El ron, ese sucio ron que corre por una sucia playa de una más sucia ciudad del caribe colombiano, dilata las pupilas de Miller y suelta su lengua, aquella que confiesa que una vez estuvo encerrada entre los barrotes de una cárcel por vete a saber qué razón. En realidad tampoco importa demasiado, pues todo parece un poco más liviano en comparación al aire nocturno que respiras, tosco, húmedo y cargado, convertido en plomo que se abre paso a marchas forzadas por tus fosas nasales. Incluso la arena es incómoda. Se engancha a tu piel como si fuera un parásito enquistado cuya vida depende de seguir unido a ti.
Cuando consigues deshacerte de ella, un brillo llama tu atención, el resplandor de cientos de pedacitos dorados pegados a la palma de tu mano. Pero no es oro todo lo que reluce, no. Solo la pirita que nadie quiere, y que lucha por aferrarse al primero que pase por ahí, desesperada en su soledad.
Y bebes de nuevo otro pesado sorbo.
A unos metros, una manada de perros corretea libremente por la orilla, al tiempo que Miller descarga su vejiga en dirección a las profundidades del Atlántico.
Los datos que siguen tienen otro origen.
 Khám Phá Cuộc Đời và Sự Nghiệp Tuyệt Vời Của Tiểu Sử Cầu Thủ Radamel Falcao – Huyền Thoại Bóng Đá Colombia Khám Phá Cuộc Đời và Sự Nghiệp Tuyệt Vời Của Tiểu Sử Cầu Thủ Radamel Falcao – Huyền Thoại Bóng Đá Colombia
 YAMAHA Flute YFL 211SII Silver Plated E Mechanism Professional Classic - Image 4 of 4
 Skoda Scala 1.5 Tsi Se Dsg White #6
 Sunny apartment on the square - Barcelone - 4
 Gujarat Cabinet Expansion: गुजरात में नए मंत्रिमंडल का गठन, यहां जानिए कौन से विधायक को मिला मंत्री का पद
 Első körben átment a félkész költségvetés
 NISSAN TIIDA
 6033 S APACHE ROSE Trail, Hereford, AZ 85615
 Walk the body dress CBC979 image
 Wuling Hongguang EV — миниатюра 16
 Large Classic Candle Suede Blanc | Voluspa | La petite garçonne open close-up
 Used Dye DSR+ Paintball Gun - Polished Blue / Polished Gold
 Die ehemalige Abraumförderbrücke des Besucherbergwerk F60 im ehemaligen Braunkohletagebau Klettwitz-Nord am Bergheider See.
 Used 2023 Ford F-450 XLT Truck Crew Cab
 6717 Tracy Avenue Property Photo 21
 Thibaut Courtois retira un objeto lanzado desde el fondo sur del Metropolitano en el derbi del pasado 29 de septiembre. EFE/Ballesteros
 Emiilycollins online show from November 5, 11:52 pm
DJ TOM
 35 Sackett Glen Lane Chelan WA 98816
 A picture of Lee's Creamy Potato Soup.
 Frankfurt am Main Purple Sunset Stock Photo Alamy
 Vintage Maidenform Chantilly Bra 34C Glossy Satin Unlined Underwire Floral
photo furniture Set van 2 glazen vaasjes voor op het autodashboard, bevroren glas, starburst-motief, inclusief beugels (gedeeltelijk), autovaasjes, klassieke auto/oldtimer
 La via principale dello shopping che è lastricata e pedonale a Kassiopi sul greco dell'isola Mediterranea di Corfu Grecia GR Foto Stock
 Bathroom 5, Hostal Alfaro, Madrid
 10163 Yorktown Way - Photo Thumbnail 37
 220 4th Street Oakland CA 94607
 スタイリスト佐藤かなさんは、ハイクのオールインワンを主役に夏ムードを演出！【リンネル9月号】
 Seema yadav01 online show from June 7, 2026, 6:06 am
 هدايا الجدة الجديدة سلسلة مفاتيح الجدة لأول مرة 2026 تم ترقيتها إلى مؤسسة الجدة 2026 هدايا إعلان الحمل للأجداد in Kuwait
Un cangrejo se agazapa en su agujero a toda prisa, huyendo de toda esa decadencia que solo el Caribe puede convertir en algo bello. Es un personaje curioso, este Miller. Guía turístico, es de esa clase de tipos de los que, en condiciones normales, seguramente te alejarías sin dudarlo. Pero no puede evitar enternecerte cuando te encañona con esa mirada inocente, casi como la de un crío que va descubriendo la vida a golpes y trompicones. Igual que cuando sonríe, de manera torpe y sin demasiados alardes. Como si fuera algo a lo que tampoco estuviera demasiado acostumbrado.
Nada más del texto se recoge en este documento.